ECLI:NL:RBDHA:2025:6016
Rechtbank Den Haag
- Eerste aanleg - enkelvoudig
- Rechtspraak.nl
Eerste beroep tegen opgeheven bewaring in vreemdelingenzaak met verzoek om schadevergoeding
Op 12 maart 2025 heeft de minister van Asiel en Migratie aan eiser een maatregel van bewaring opgelegd op grond van artikel 59a, eerste lid, van de Vreemdelingenwet 2000. Eiser heeft hiertegen beroep ingesteld, dat tevens als verzoek om schadevergoeding moet worden aangemerkt. Op 26 maart 2025 heeft de minister de maatregel van bewaring opgeheven, omdat eiser die dag is overgedragen aan Spanje. Ondanks dat de gemachtigde van eiser schriftelijk heeft laten weten het beroep niet in te trekken en om ambtshalve toetsing heeft verzocht, is eiser niet ter zitting verschenen en heeft hij geen beroepsgronden ingediend. De rechtbank heeft het beroep op 4 april 2025 behandeld, waarbij de minister zich heeft laten vertegenwoordigen door haar gemachtigde. De rechtbank heeft het onderzoek op de zitting gesloten.

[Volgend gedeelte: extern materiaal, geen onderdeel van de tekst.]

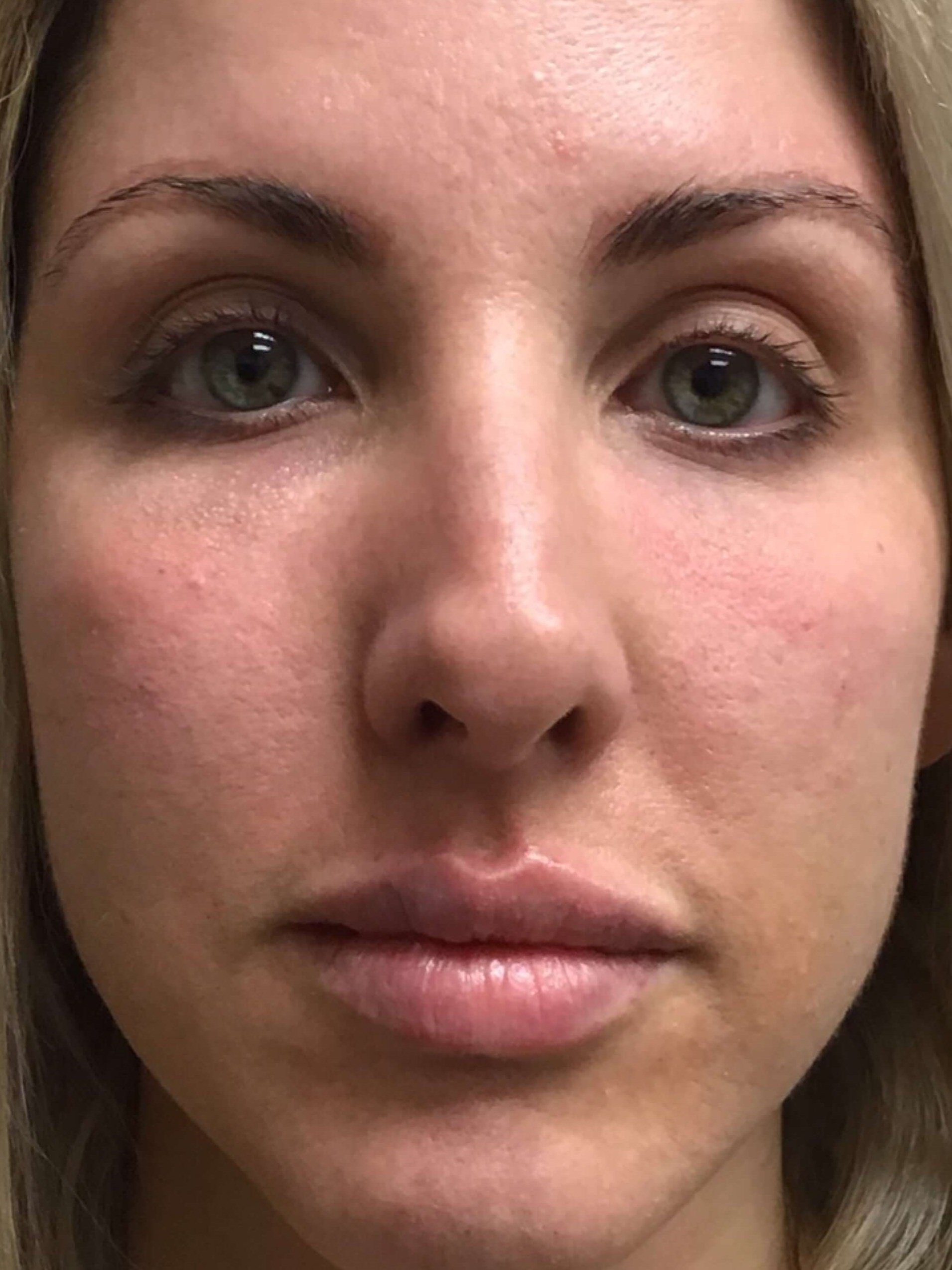 Before & After Dermal Filler After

De rechtbank heeft vastgesteld dat, omdat de bewaring is opgeheven, de beoordeling zich beperkt tot de vraag of eiser recht heeft op schadevergoeding op grond van artikel 106 van de Vreemdelingenwet. Aangezien eiser geen beroepsgronden heeft aangevoerd en enkel om ambtshalve toetsing heeft verzocht, heeft de rechtbank geconcludeerd dat zij niet ambtshalve dient te toetsen. De rechtbank heeft geen grondslag of aanknopingspunten gevonden in de Vreemdelingenwet of het arrest C, B en X van het Hof van Justitie van 8 november 2022. Daarom heeft de rechtbank het beroep niet-ontvankelijk verklaard en het verzoek om schadevergoeding afgewezen. Tevens is er geen aanleiding voor een proceskostenveroordeling.